Maria Bopp – Olha, a série pra mim não é feminista. Eu digo isso porque tenho muito respeito pelo feminismo e acho o feminismo um movimento social e político, e a série é um produto de entretenimento pra TV. Acho importante separar as duas coisas. Por mais que a série tenha sim uma preocupação maior com a abordagem da prostituição mais focada no olhar da mulher, não consideraria feminista. Mas, diferente do filme… porque o filme também traz uma biografia da Bruna. Passa por várias fases de vida dela, pelas drogas, pelas dificuldades, mas também mostra o lado do dinheiro como se fosse uma vitória. E a história da Raquel não foi exatamente assim, então a série tá mais preocupada (interrompe), primeiro, a série é um recorte que mostra o primeiro ano da Bruna, dos 17 aos 18, então nós vemos a Bruna mais menina, ingênua, na descoberta ainda desse novo mundo que ela entra. E também, pelo fato da série ser dirigida por uma mulher e ter uma equipe composta por mulheres em funções importantes, como na direção de fotografia, pelo fato de ter um elenco majoritariamente feminino, a série traz um olhar mais maduro em relação ao assunto, justamente por vir do olhar de mulheres. Então tem menos o ponto de vista do cliente, do homem, e mais o olhar das mulheres sobre o assunto.
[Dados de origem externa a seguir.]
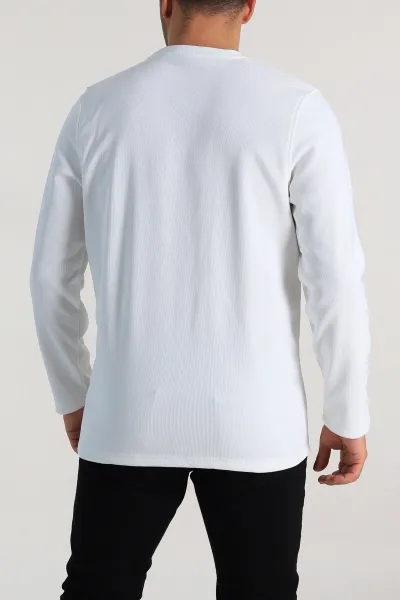 Beyaz Regular Fit Yazı Detay Erkek Sweatshirt 305885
Virgula – Entendi. E quanto essa característica que você citou da equipe pesou pra que você se sentisse mais confortável pra fazer as cenas [de sexo]?
Maria Bopp – Faz muita diferença, porque eu tinha plena consciência de que meu corpo não ia ser explorado pela câmera gratuitamente, sabe? Era uma diretora de fotografia mulher, uma operadora de câmera mulher, a diretora era mulher, então eu tinha essa segurança, entende? Que nada ali seria usado à toa. Óbvio que vai ter nudez porque estamos falando sobre isso, estamos falando sobre o sexo, a prostituição, mas não ia ser uma exploração gratuita daquilo ali pra divertimento masculino, do espectador. Temos que ter mais mulheres nas equipes, mais mulheres diretoras, não só em um projeto como esse, mas em todos os projetos. Mais representatividade é fundamental. O meio audiovisual brasileiro e no mundo é muito machista, muito masculino, são pouquíssimas diretoras mulheres. Então faz toda a diferença. Dá essa segurança, mas também traz uma força, uma energia feminina muito poderosa.
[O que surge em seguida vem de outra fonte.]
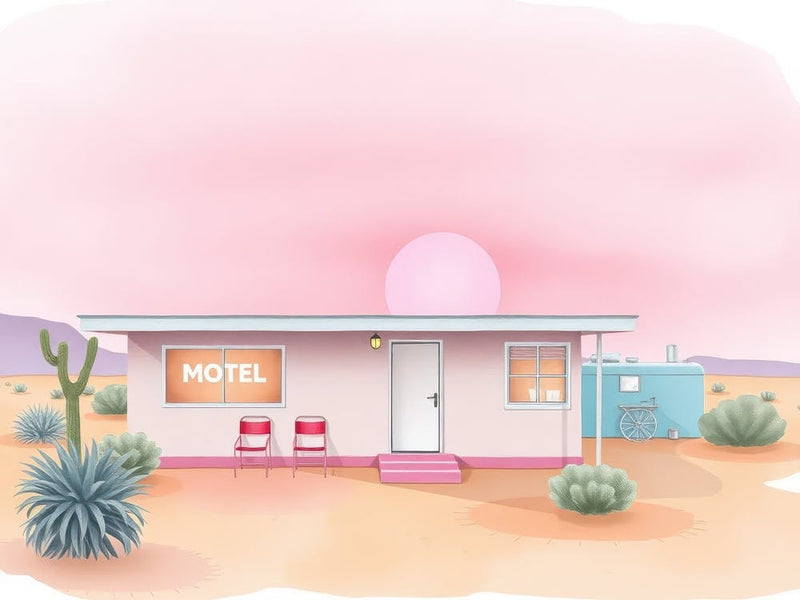 Illustration Of A Motel In The Desert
Virgula – Pela maneira como a nudez é vendida no Brasil, ficar marcada por esse tipo de trabalho é algo que te preocupa para o futuro?
Maria Bopp – Juro que isso é uma coisa que eu ainda não parei pra pensar muito, sabe? A série acabou de estrear, eu ainda estou entendendo tudo, estou dimensionando tudo agora. Mas, sinceramente, é uma coisa que ainda não me preocupou. Eu sou uma atriz estreante, então eu preciso ter outras experiências, estudar muito e, de fato, conseguir me enxergar em outros papéis. Não só pra não ficar marcada por causa desse, mas também pra eu poder me enxergar em outros. Ainda não me preocupei com isso, acho que as pessoas vão conseguir separar as coisas. Sou otimista.
Virgula – Pra fechar, queria que você falasse um pouco sobre você, da sua carreira e dos planos para o futuro.
Maria Bopp – Antes do ‘Bruna’ eu fiz alguns cursos, fiz alguns trabalhos, nenhum do tamanho do ‘Bruna’, mas intenção agora é estudar, trabalhar mais. Gostaria muito de fazer cinema, de fazer teatro. Minha expectativa para o futuro é de correr atrás. Não estou nem um pouco deslumbrada, não acho que solucionei minha vida nem me garanti com esse papel. Quero trabalhar, estudar muito, correr atrás. Tenho ainda que comer muito arroz e feijão (risos).